Predictive analysis of solubility data with pressure and temperature in assessing nanomedicine preparation via supercritical carbon dioxide.
Journal:
Scientific reports
Published Date:
Aug 22, 2025
Abstract
This work presents a comprehensive study on the prediction of phenytoin solubility at supercritical state using advanced techniques including machine learning analysis. The solubility of small-molecule pharmaceutical was analyzed and calculated to enhance its solubility and bioavailability as well. The models were employed to approximate the solubility at various pressures and temperatures. The dataset comprises temperature (T), pressure (P), and solubility (y) values, along with the corresponding solvent density measurements that were used in the models. Three models, namely Automatic Relevance Determination Regression (ARD), Gaussian process regression (GPR), and Linear Regression (LR) were designed and tuned to build predictive models. The ADABOOST ensemble technique was applied to strengthen the predictive capabilities of the models, while hyperparameter tuning was conducted using the Jellyfish Optimization (JO) algorithm.

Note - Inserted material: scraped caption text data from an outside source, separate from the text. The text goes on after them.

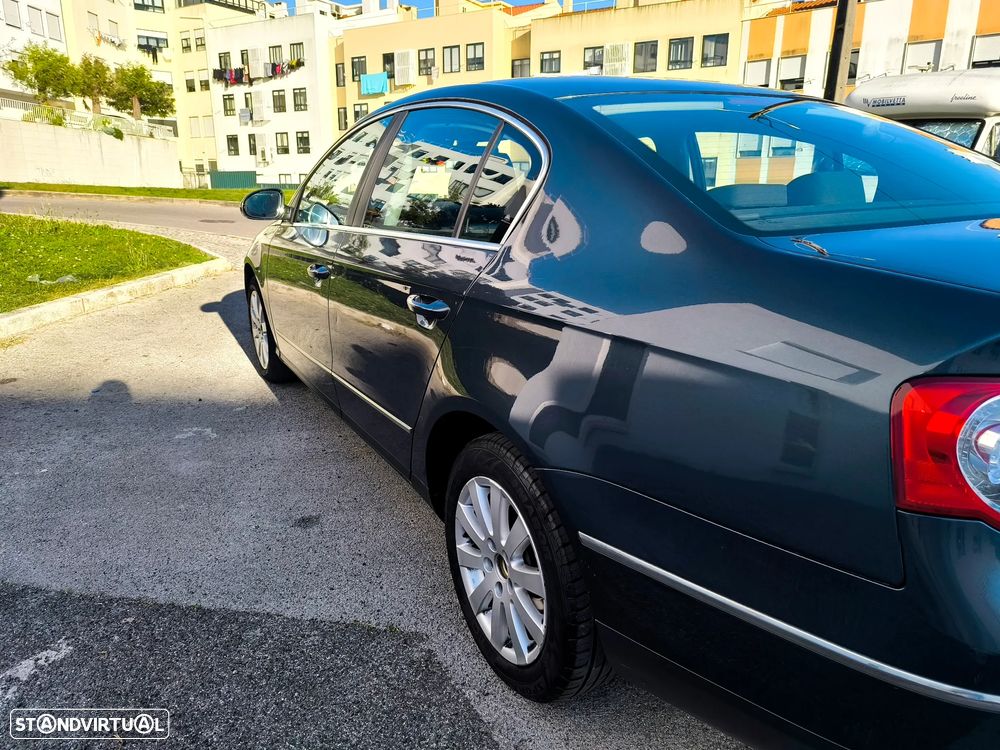 VW Passat 2.0 TDI Confortline - 22
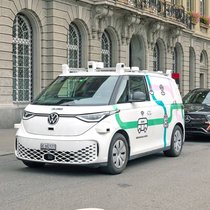 Le service de colis Planzer Colis et la start-up LOXO testent la conduite hautement automatisée de niveau 4 dans le centre-ville de Berne.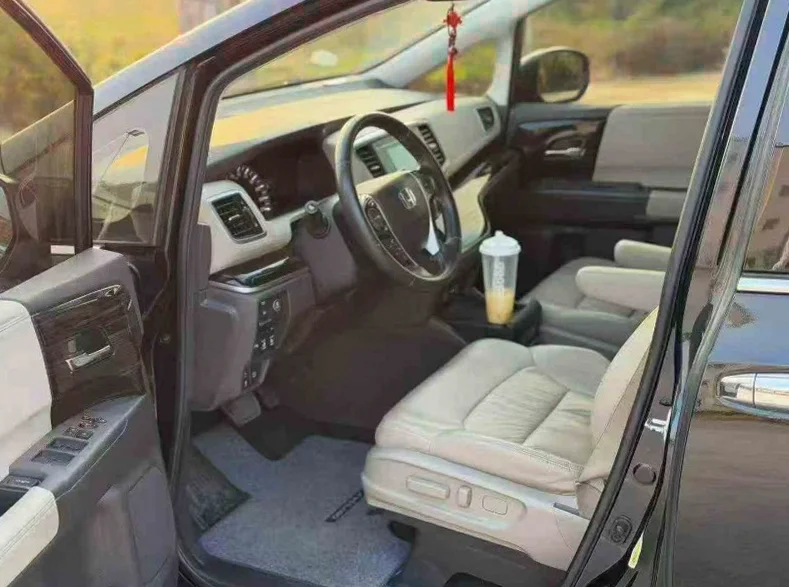 本田奥德赛 后面外观三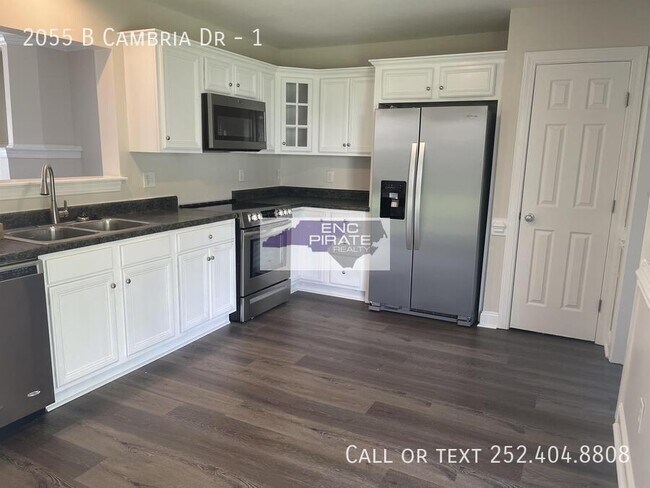 Building Photo - 2055B Cambria Dr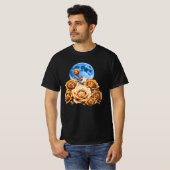 ゴールデンローズと青い満月　天体美学 Tシャツ (正面フル)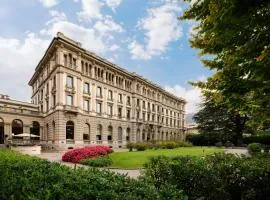 Palace Hotel Lake Como, hotelli Comolla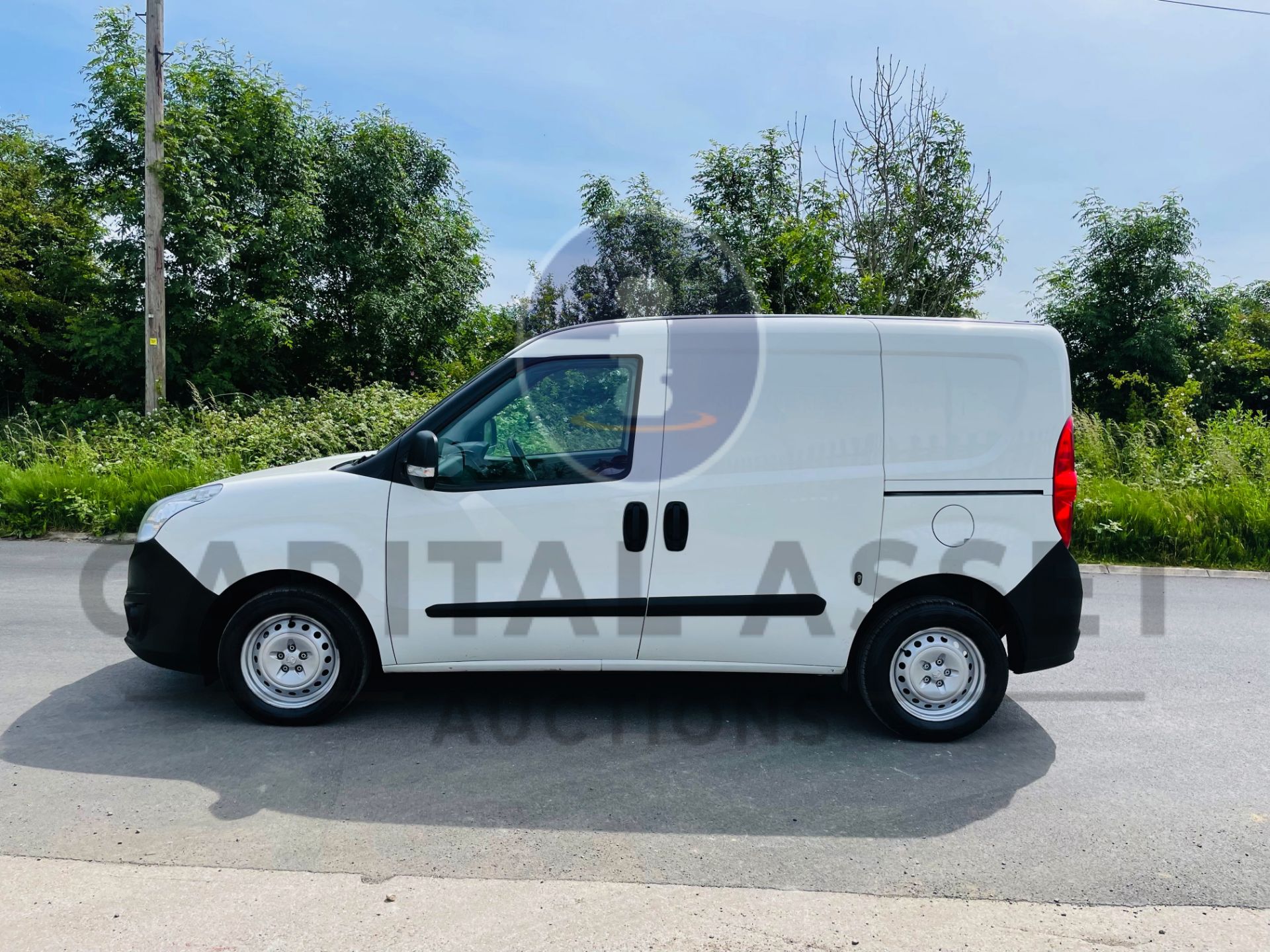 (On Sale) VAUXHALL COMBO 2000 *SWB - PANEL VAN* (2018 - EURO 6) ECOFLEX - STOP/START (1 OWNER) - Image 4 of 34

For phenytoin solubility prediction, the ADA-GPR model demonstrated outstanding accuracy, obtaining an R² of 0.99644. The ADA-LR model also produced competitive results, attaining an R² value of 0.93381, whereas the ADA-ARD model showed robust performance, yielding an R² of 0.95249. In terms of solvent density prediction, the ADA-GPR model once again outperformed the others, with an R² value of 0.9933.